Ann Strootman, Penn Mutual's financial controller and a vice president, says she insisted on online collaboration because of the need to meet strict deadlines, such as the Securities and Exchange Commission requirement to file documents related to financial offerings.
"The number of filings has grown, and there are so many handoffs, so much paper," she says.
As the two business partners mulled exactly how to enable online collaboration, Strootman suggested that Penn Mutual open its network to facilitate a hosted document exchange service based on Citrix software.
But Morgan, Lewis attorneys worried that there would be questions about ownership of the legal documents if they were stored inside another company. The law firm then tried e-mailing the large documents around. But with the huge legal files, the mail had to be batch processed, often hours after being sent, Loveless says.
The Windows NT-based eRoom software caught their attention, and the lawyers tested it for several months as a hosted service to get a feel for it. They liked how they could set up restricted access for file exchange of any kind in a workflow routine, with chat and instant messaging, using the eRoom browser plug-in.
Once the firm decided on eRoom, Loveless negotiated a site license so every Morgan, Lewis client and employee can use the software without anyone having to worry about the usual $200 per-seat charge.

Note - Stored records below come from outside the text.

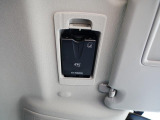 ETC車載器搭載です。スマートICも増えてきており、必須装備といって良い便利装備です。
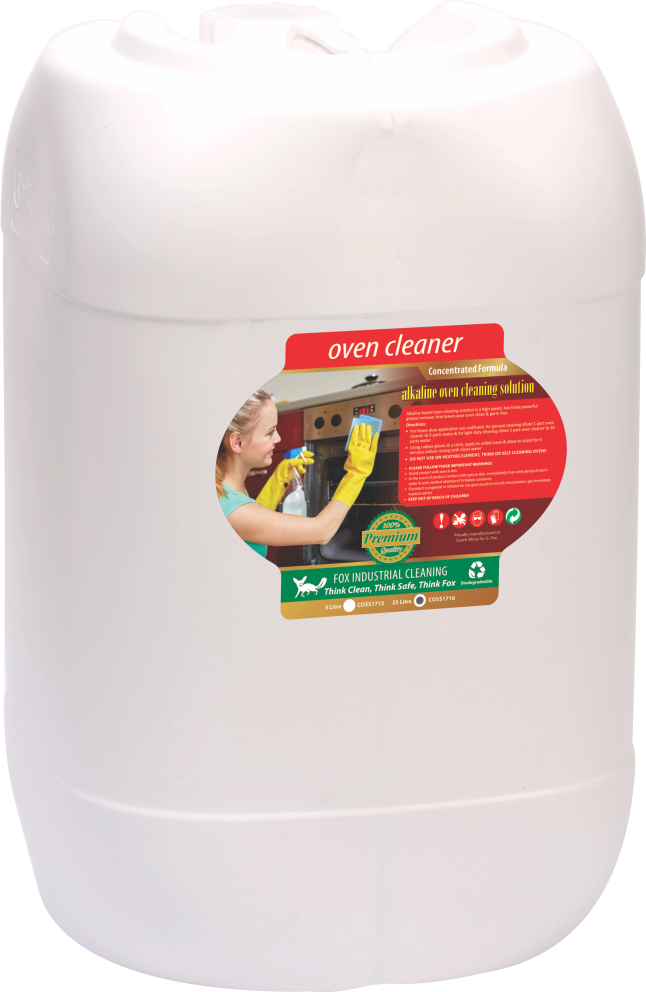 Oven Cleaner - Alkaline Solution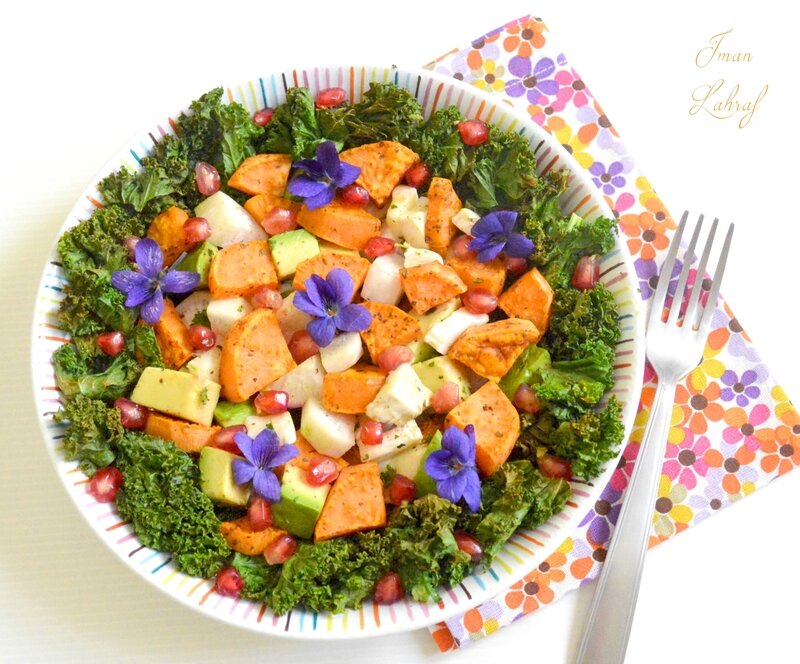 Salade Sucrée Salée Colorée And Vitaminée Nutreativ 1123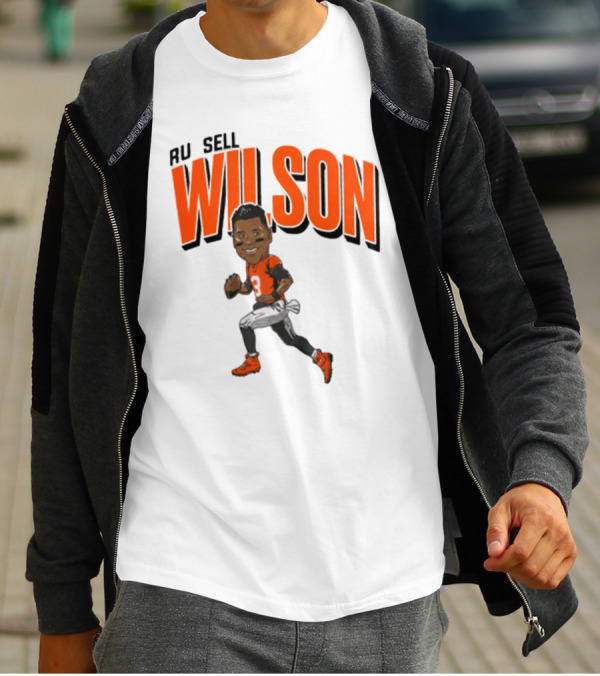 RU SELL WILSON T-Shirt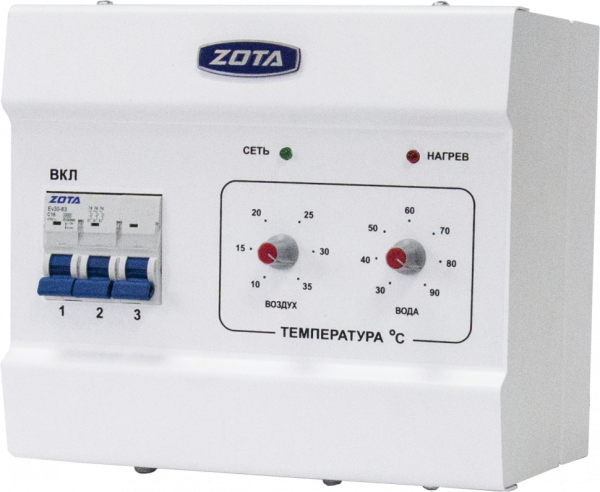 Пульт управления ZOTA ПУ SSR (до 15 кВт) на твердотельных реле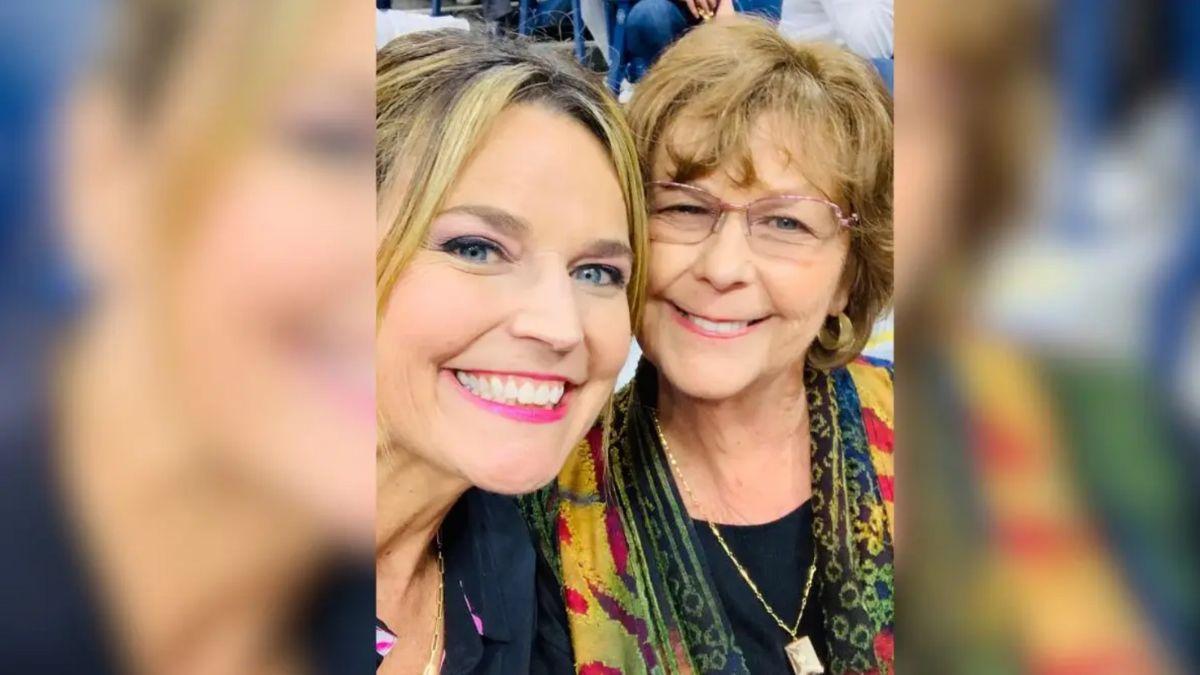 image of Savannah Guthrie begged the public to 'bring her home.'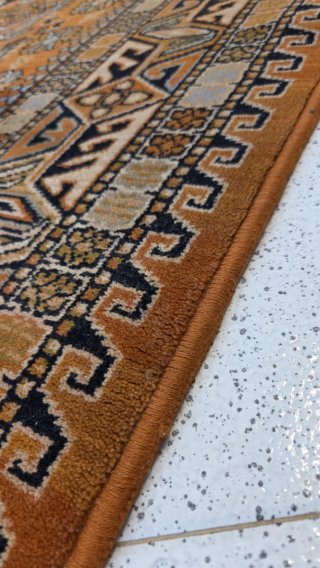 ALFOMBRA VINTAGE DE LANA ORIENTAL - 250 × 200 CM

Then he prodded the IT department to support the server, its password management and its backup.
Wasylyk acknowledges that he had little chance of winning against this bunch of high-powered lawyers.
"I've had lawyers come in and say, 'If you don't plug this server in, I will.' You can't say no to these people. They're too smart, and they'll find a way," he says. The firm's network has been brought down more than once by lawyers plugging in powerful computers without notifying the IT department, he adds.
Now that eRoom seems there to stay, the debate centers on how to improve it and make it work better with the firm's primary iManage document management system, which itself has been opened up via a Web interface to Morgan, Lewis clients. The lawyers don't think eRoom needs to share documents with iManage, but Wasylyk says he thinks otherwise.
"There's tension, but it's a healthy tension. It's a sign that people are thinking about what they're doing," Wasylyk says. "We do have to find new ways of interacting with our clients."